Governor of the South Moravian Region
- Incumbent
- Assumed office 11 November 2020
- Preceded by: Bohumil Šimek

Leader of KDU–ČSL
- Incumbent
- Assumed office 24 April 2026
- Preceded by: Marek Výborný

Representative of the South Moravian Region
- Incumbent
- Assumed office 8 October 2016

Personal details
- Born: 11 June 1984 (age 41) Brno, Czechoslovakia
- Party: KDU-ČSL
- Alma mater: Masaryk University

= Jan Grolich =

Czech politician

Jan Grolich (born 11 June 1984) is a Czech politician, lawyer and former stand-up comedian. He has been serving as the leader of KDU-ČSL since April 2026. Grolich has served as representative of the municipality of Velatice and Governor of South Moravian Region, respectively since 2010 and 2020.

==Early life==
Grolich was born in Brno on 11 June 1984. He completed his law practice in Brno, passing the bar exams already during his mayoralty. Grolich also used to be a stand-up comedian.

==Political career==
===2010s===
In the 2010 Czech municipal elections, Grolich was elected as local candidate, representing the municipality of Velatice for KDU-ČSL. He later became mayor, having defended the mandate of representative in the 2014 and 2018 municipal elections. In the 2022 municipal elections, Grolich ran for council in Velatice from the second-place candidate and eventually defended the mandate of village representative.

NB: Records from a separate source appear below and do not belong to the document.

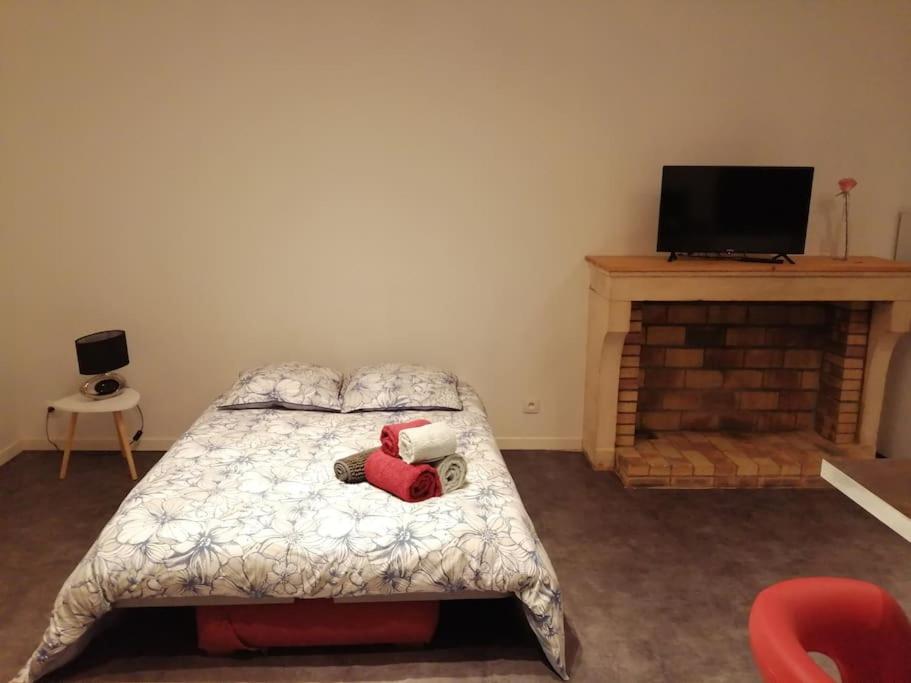 La Chambre De Ze Tournus Esterno foto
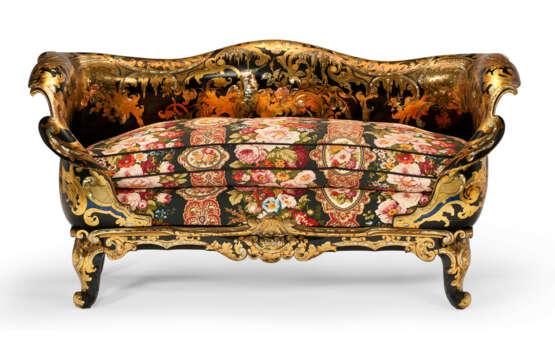 A MATCHED PAIR OF VICTORIAN PARCEL-GILT AND MOTHER-OF-PEARL INLAID PAPIER M&#194;CH&#201; EBONIZED SETTEES - photo 2
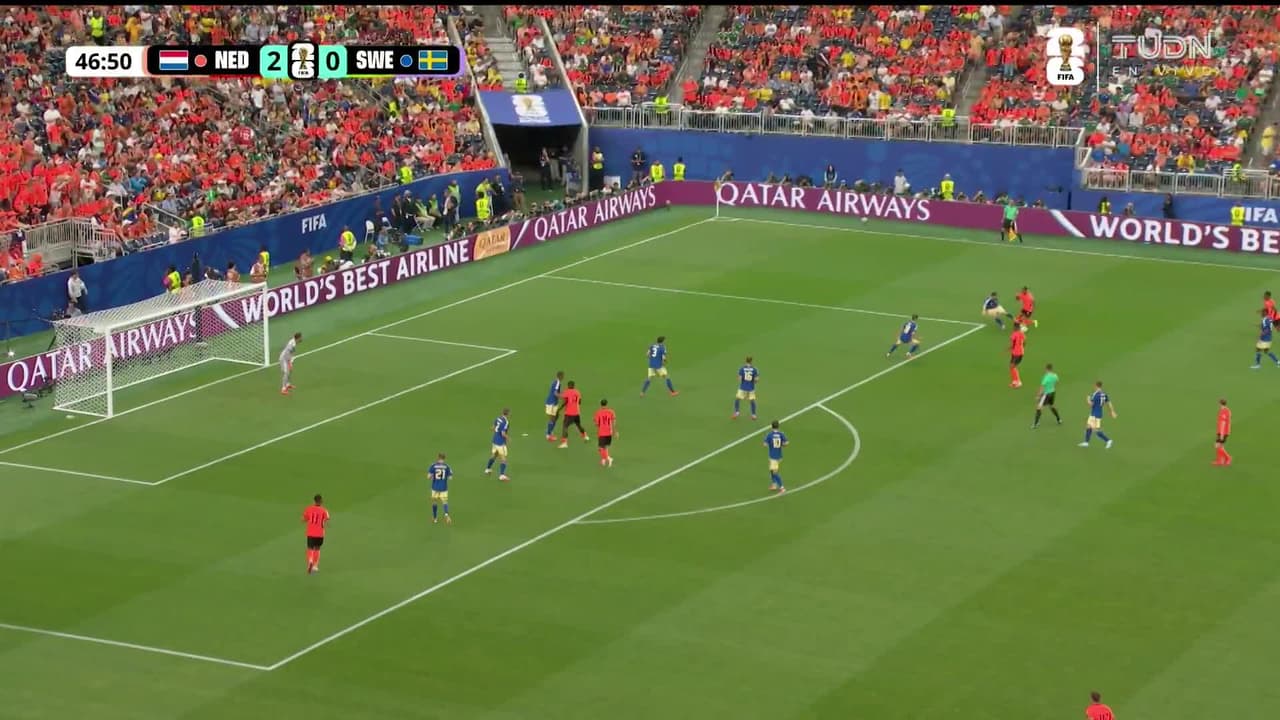 ¡GOL!  anota para Holanda. Cody Gakpo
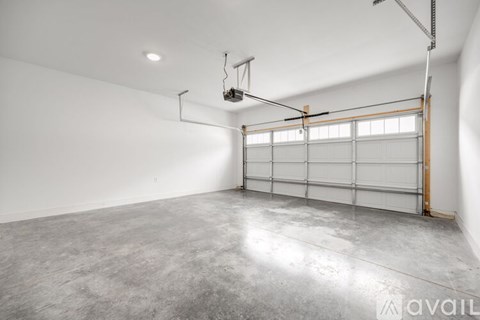 1842 Young Rd SE 3 Beds Apartment for Rent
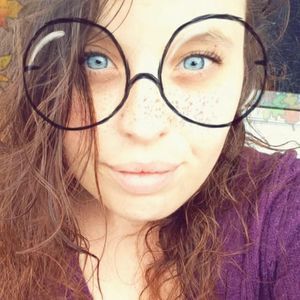 Meet your Posher, Melissa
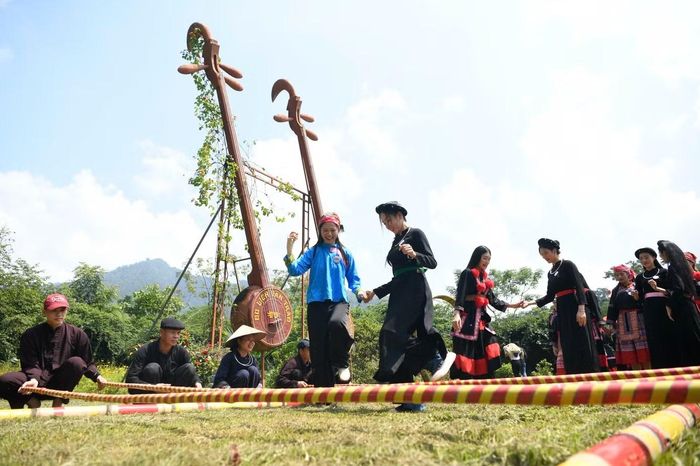 Trong trang phục dân tộc, các thí sinh cùng nhảy sạp trên nền những giai điệu đặc trưng vùng Đông Bắc. Những bước chân ban đầu còn dè dặt nhanh chóng trở nên nhịp nhàng hơn khi tiếng tre gõ đều đặn.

In the 2016 Czech regional elections, Grolich was elected as a representative of the South Moravian Region for the KDU-ČSL. In the 2020 regional elections, he was leader of the KDU-ČSL in the South Moravian Region and defended the mandate of the regional representative.

In the 2017 Czech parliamentary election, Grolich ran in the last place of the KDU-ČSL candidate in the South Moravian Region, but was unsuccessful.

===2020s===
In the 2020 Czech regional elections, Grolich was the leader of the KDU-ČSL candidate in the South Moravian Region. He was the third most circled politician in the country, ahead of him only Martin Kupka (ODS) and Vít Rakušan (STAN). After the elections, within the post-election coalition of KDU-ČSL, Czech Pirate Party and ODS for South Moravia, Grolich became the governor of the South Moravian Region on 11 November 2020 and subsequently resigned from the post of mayor of Velatice. In February 2024, he became the leader of the candidate list of the Spolu coalition for the regional elections in 2024 in the South Moravian Region.

On 24 April 2026, Grolich was elected in a KDU-ČSL leadership election, with 233 out of 266 votes, being the only candidate.

==Personal life==
Grolich lives in Velatice and claims to be a Moravian. Since 2010, he has been married to Magdalena Grolichová.